In mancanza di un legittimo impedimento, costituisce illecito disciplinare quello del difensore che non partecipi all’udienza, né nomini un sostituto processuale. E’ quanto emerge dalla sentenza del Consiglio Nazionale Forense del 25 giugno 2022, n. 107 (testo in calce).
Il caso vedeva un avvocato essere chiamato a rispondere della violazione dell’art. 26, comma 3, CD, per non aver partecipato, senza addurre alcun impedimento, ad alcune udienze ed in particolare all’udienza dibattimentale di discussione nell’ambito di un procedimento penale, facendo mancare la cliente una adeguata difesa tecnica, e per aver fatto scadere i termini per appellare la sentenza di condanna pronunciata all’esito del dibattimento in oggetto e violazione dell’art. 12 CD, per avere tenuto nel corso del mandato difensivo conferitogli una condotta complessivamente improntata a grave negligenza.
Secondo il ricorrente, alcuni dei capi dell’incolpazione erano già prescritti al momento della contestazione per il decorso di 6 anni o comunque si sarebbero prescritti per il decorso del termine massimo previsto; infatti, le violazioni contestate hanno natura istantanea e si sarebbero consumate nel momento in cui sarebbero state poste in essere, quindi nella mancata partecipazione alle udienze e alla mancata presentazione dei motivi di appello avverso le sentenze emesse nei confronti della esponente.
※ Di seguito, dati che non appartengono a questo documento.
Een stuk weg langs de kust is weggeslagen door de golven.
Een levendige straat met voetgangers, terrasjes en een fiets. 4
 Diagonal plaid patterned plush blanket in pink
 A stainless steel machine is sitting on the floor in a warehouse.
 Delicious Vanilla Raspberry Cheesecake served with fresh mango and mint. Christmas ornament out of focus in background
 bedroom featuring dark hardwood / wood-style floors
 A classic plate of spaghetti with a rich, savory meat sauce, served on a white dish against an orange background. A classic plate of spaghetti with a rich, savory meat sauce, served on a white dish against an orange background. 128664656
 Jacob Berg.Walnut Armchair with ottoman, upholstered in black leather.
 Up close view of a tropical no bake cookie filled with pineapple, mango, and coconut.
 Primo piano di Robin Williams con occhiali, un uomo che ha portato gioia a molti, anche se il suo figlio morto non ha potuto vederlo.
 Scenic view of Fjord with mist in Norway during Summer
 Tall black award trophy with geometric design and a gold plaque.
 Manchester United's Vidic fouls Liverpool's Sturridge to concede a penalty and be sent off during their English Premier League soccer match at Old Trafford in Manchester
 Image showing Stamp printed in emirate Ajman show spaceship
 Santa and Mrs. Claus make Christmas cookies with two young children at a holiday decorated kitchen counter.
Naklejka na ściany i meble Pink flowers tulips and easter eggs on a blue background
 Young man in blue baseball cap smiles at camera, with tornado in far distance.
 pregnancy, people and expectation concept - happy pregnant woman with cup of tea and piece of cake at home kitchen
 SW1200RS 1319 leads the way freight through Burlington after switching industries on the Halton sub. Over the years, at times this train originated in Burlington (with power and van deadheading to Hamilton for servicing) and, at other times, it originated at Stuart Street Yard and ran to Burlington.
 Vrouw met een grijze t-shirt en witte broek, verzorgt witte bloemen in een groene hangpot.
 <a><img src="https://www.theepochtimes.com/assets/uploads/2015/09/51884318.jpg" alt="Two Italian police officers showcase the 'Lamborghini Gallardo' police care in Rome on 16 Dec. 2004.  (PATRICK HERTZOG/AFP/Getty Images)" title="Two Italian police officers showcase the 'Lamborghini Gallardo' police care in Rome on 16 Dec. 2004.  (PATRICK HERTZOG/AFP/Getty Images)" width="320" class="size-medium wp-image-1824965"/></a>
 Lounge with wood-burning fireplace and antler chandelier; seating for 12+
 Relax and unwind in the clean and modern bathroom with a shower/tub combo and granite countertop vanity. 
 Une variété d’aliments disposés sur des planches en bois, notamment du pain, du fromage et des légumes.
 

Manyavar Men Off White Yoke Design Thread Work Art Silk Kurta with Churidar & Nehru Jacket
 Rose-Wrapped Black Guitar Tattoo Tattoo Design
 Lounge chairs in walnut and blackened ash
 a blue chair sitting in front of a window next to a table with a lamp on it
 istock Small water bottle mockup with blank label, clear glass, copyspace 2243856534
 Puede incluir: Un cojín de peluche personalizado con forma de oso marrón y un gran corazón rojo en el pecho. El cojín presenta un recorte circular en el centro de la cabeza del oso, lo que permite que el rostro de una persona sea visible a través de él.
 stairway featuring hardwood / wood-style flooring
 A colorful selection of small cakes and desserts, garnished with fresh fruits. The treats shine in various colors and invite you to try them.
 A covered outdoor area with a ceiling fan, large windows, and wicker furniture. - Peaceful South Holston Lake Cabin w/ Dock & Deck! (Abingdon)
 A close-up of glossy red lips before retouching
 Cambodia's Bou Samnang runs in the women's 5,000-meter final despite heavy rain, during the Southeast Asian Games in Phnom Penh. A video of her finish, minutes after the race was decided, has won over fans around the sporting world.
Secondo il Collegio, in mancanza di un legittimo impedimento, pone in essere un comportamento deontologicamente rilevante il difensore che, per non scusabile e rilevante trascuratezza, non partecipi all’udienza, né nomini un proprio sostituto processuale o di udienza, a nulla rilevando, peraltro, l’eventuale assenza di concrete conseguenze negative o addirittura la presenza di vantaggi per il proprio assistito, giacché ciò non varrebbe a privare di disvalore il comportamento negligente del professionista. Trattasi di illecito deontologico di natura istantanea e non permanente.
Sebbene alcuni degli illeciti contestati siano caduti in prescrizione, si ritiene che il parziale accoglimento dell’impugnazione non impone una corrispondente riduzione della sanzione comminata dal Consiglio territoriale, giacché questa è determinata non già per effetto di un mero computo matematico né in base ai principi codicistici in tema di concorso di reati, ma in ragione dell’entità della lesione dei canoni deontologici e dell’immagine dell’avvocatura alla luce dei fatti complessivamente valutati, sicché non sussiste violazione del divieto di reformatio in peius allorché la sanzione sia confermata in sede di gravame pur se una delle contestazioni precedentemente ritenuta sia venuta meno.